The Conference on the Future of Europe was overshadowed by the Covid-19 pandemic and the Russian invasion of Ukraine. The pandemic meant that the start of the conference, which had been planned for 9 May 2020, had to be postponed for a year. And the public participation had to be almost exclusively virtual, with most of the citizens’ panels held online or under strict hygiene rules. At no point did the Conference achieve broad media resonance.
In response to the Russian invasion of Ukraine the European Union has had to make a rapid succession of portentous decisions in order to reposition itself in what is now a confrontative European security order. These affect both reform and enlargement.

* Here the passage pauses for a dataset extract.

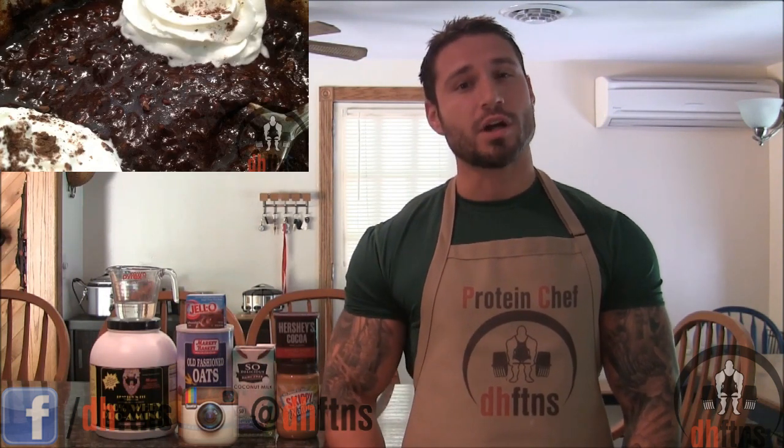How are you guys doing today? This is Derek Hounds with DHFDNS.com and today I'm going to show you guys one of my favorite sweet tooth killers: chocolate peanut butter protein oatmeal. So let's get to it.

Conference on the Future of Europe encounters a Union in transformation
The pandemic and Russia’s war in Ukraine fundamentally changed the external circumstances of the debate on the future of Europe. These developments therefore need to be taken into account in the discussion about reforming the European Union, especially where the priorities for European reforms are concerned.
The conclusion of the Conference on the Future of Europe coincides with a very difficult economic situation. Two years of pandemic have left deep economic scars, with GDP in certain EU member states still below pre-pandemic levels in spring 2022. Inflation in the euro zone has reached its highest level ever, with the potential to create growing divergences between euro states and renewed pressure on state budgets. The repercussions of Russia’s war against Ukraine, the EU sanctions and the Russian counter-sanctions are already being felt in the form of enormous price increases in the energy sector and will inevitably spill over into other areas of the economy. The longer the war continues, the higher will be the economic costs. And economic crises are not the ideal setting for abstract debates about institutional reform. Instead reforms must be a tool of solidarity and economic support.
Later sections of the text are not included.